• Supplied records
* * *

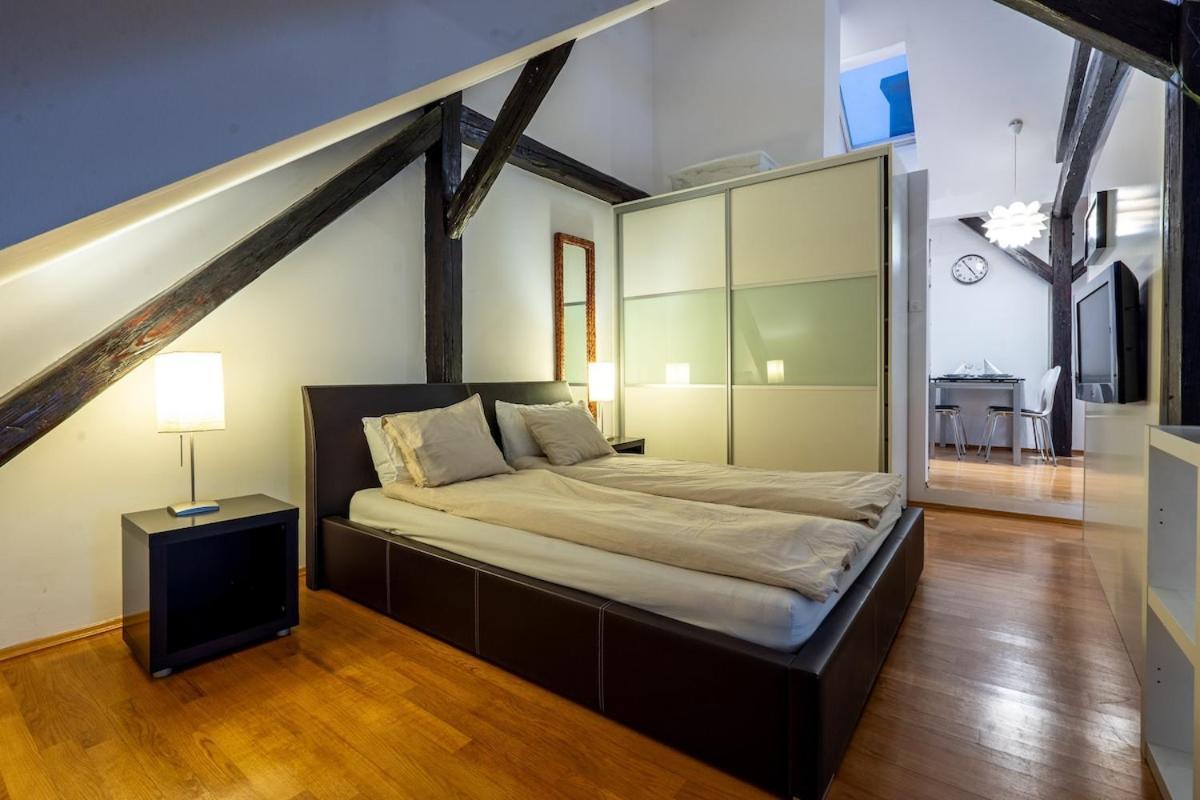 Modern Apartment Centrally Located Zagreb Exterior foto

* * *

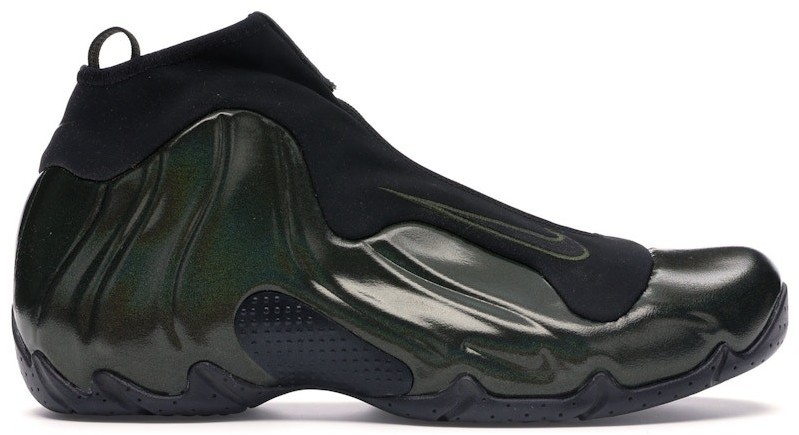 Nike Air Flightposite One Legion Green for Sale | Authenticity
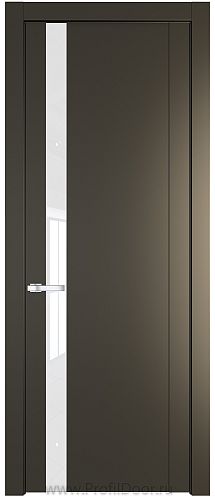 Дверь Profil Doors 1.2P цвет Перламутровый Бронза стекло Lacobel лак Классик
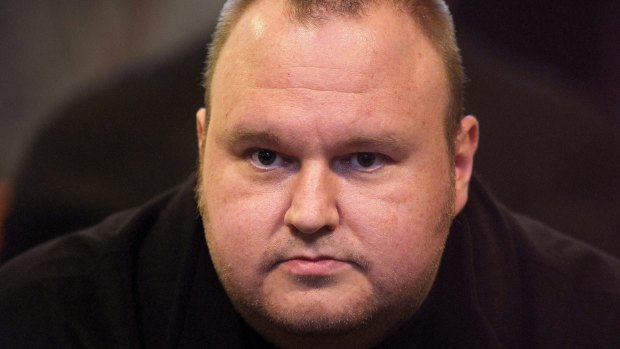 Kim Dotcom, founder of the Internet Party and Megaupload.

* * *

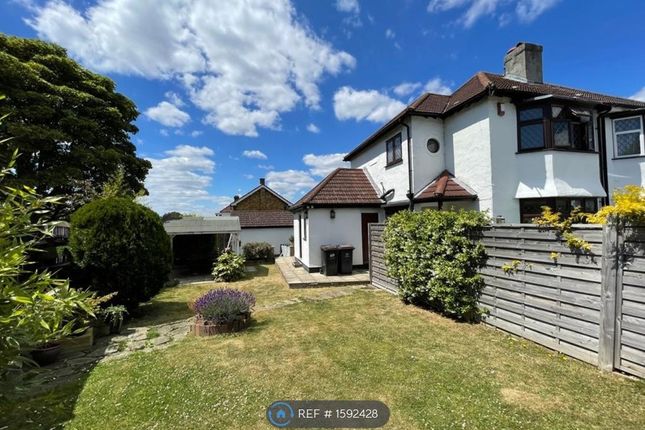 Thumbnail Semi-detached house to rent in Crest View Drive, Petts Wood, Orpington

* * *

• What you need to do
Find the line with "Дверь Profil Doors" in the data above, and from there retype each line exactly through the line with "Kim Dotcom, founder", skipping the pictures along the way.

• Exercise output
 Дверь Profil Doors 1.2P цвет Перламутровый Бронза стекло Lacobel лак Классик
 Kim Dotcom, founder of the Internet Party and Megaupload.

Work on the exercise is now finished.